**Problem**
Below are some records. Return exactly the lines from the one containing "You can see" through the one containing "Chipboard can be", both included, and only those.

+++ Records shown

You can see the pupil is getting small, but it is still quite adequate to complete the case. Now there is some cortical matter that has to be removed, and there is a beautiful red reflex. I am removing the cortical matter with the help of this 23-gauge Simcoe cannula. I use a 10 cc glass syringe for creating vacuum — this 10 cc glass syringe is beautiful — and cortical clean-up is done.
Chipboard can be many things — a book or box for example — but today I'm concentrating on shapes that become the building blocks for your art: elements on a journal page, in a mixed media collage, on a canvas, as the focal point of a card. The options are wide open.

++++++
+++ Records shown

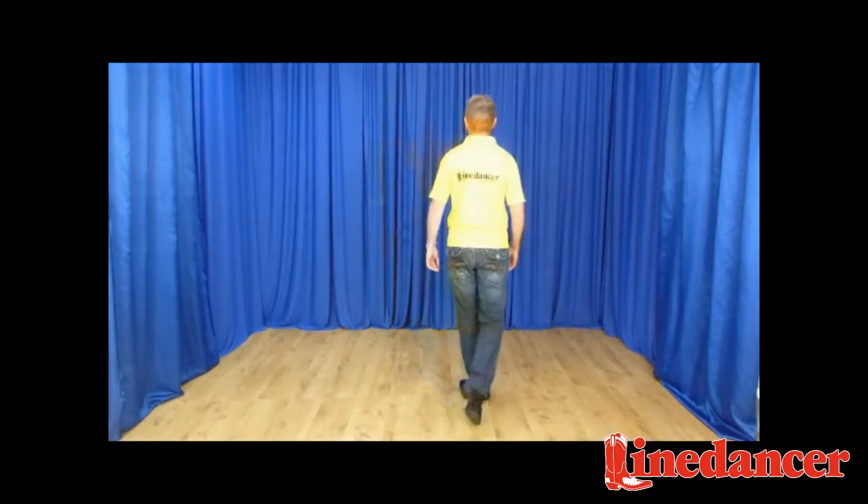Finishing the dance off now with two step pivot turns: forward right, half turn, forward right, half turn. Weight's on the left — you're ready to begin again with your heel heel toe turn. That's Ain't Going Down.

++++++

**Output below**
You can see the pupil is getting small, but it is still quite adequate to complete the case. Now there is some cortical matter that has to be removed, and there is a beautiful red reflex. I am removing the cortical matter with the help of this 23-gauge Simcoe cannula. I use a 10 cc glass syringe for creating vacuum — this 10 cc glass syringe is beautiful — and cortical clean-up is done.
Chipboard can be many things — a book or box for example — but today I'm concentrating on shapes that become the building blocks for your art: elements on a journal page, in a mixed media collage, on a canvas, as the focal point of a card. The options are wide open.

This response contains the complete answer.